Of course, such intelligence reports could be wrong, and one official
cautioned that definitive proof is nearly impossible for the U.S. to come
by. Yet the fact that the Cuban government removed Castro from the public
stage before his death could suggest that Castro and his would-be
successors were aware of a terminal condition and wanted to gauge public
reaction to his absence. "They got to see how people would react," says one
U.S. official. "They have had a chance to see how things might work without
out him functioning day-to-day."
The U.S. government has been preparing for Castro's departure for half a
century. That doesn't mean that things will change much. Fidel's brother
Raul, 75, has been acting president since Fidel went into the hospital and
has given no indication that he will change the policies of the isolated
Communist government that has tormented the U.S. since taking power in
1959. Though he has until recently kept a very low profile, Raul Castro
not Fidel was feted as the host of the non-aligned nations' summit on
Sept. 15. Then Raul called a high profile meeting of the country's local,
provincial and national leadership at what he called "this historic moment
in our country's history." In another sign of his increasing prominence,
two weeks ago Raul delivered his first televised national speech at the
close of a trade union federation congress.
October 9, 2006
Why Cuba Matters
By SAUL LANDAU
Reporters and friends keep asking: "so what'll happen when Castro dies?"

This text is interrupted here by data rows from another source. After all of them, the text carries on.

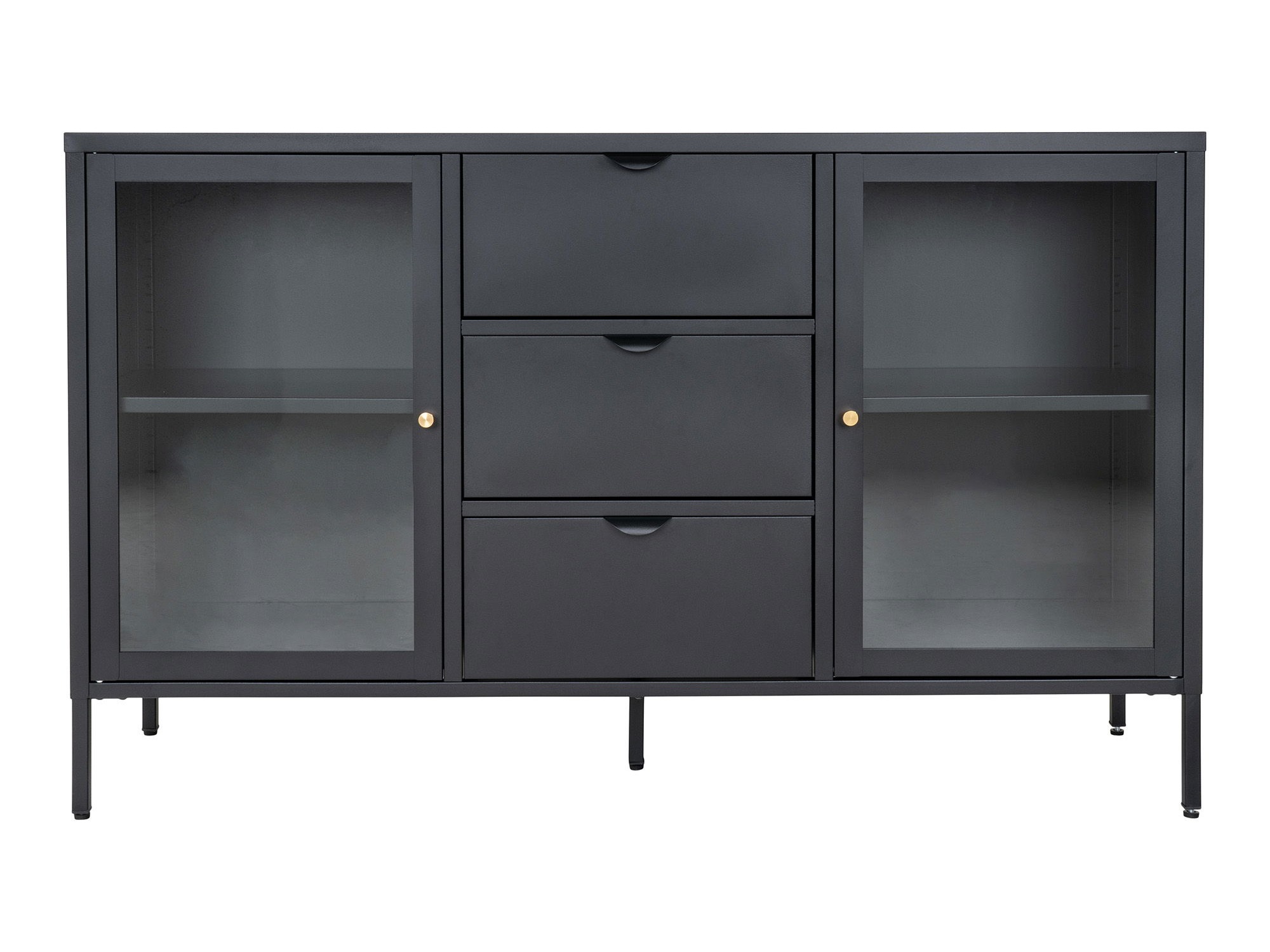 Kommode Lirfloi 103
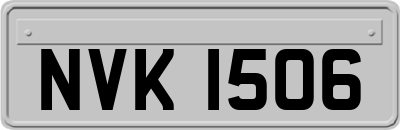 NVK1506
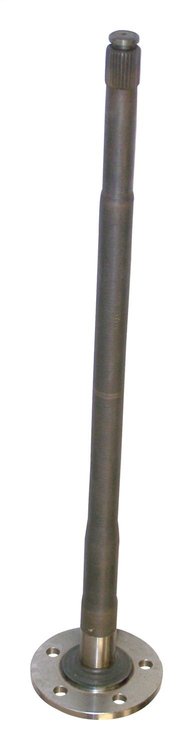 Axle Shaft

"A big funeral in Havana," I reply with certainty.
One other sure thing: anti-Castro exiles in south Florida will throw a
mammoth party. On July 31, Fidel revealed he would have surgery and ceded
temporarily responsibilities to his brother Raul. Little Havana's streets
erupted in celebration. Politically, Fidel again showed he has ability to
induce obsession in his enemies, thus making it difficult for them to think
clearly--apart from questions of bad taste. Fidel's stature will continue
to cloud south Florida's political reality.
The Cuban American National Foundation appealed to Cuba's civilian
population and military forces to rise up and overthrow the tyrannical
regime. "Today Iraq; tomorrow Cuba!"
No uprising occurred. Indeed, despite loud headlines and lead stories in
the U.S. mainstream media of impending crisis, Cubans behaved with calm
when the man who has presided over their destiny for 47 and a half years
went under the knife.
NPR reporter Tom Gjelten, in Cuba during the Non Aligned Movement meeting,
predicted the next Cuban leader would have to fulfill the Cubans' demand
for more consumer goods. Did he take a poll and forget to mention it? How
did he determine how the population would react to the post-Fidel government?
The CIA shared the media's vapid ignorance on Cuba. Former Agency Cuba
expert Brian Latell opined: "It cannot even be said with confidence that
Raul [Castro] will want to be more than a transitional leader. Raul will
not enjoy the pounding pressures and crises that make Fidel's adrenaline
surge and typically induce his best thinking."
Latell never met Raul, or Fidel; nor has he visited Cuba.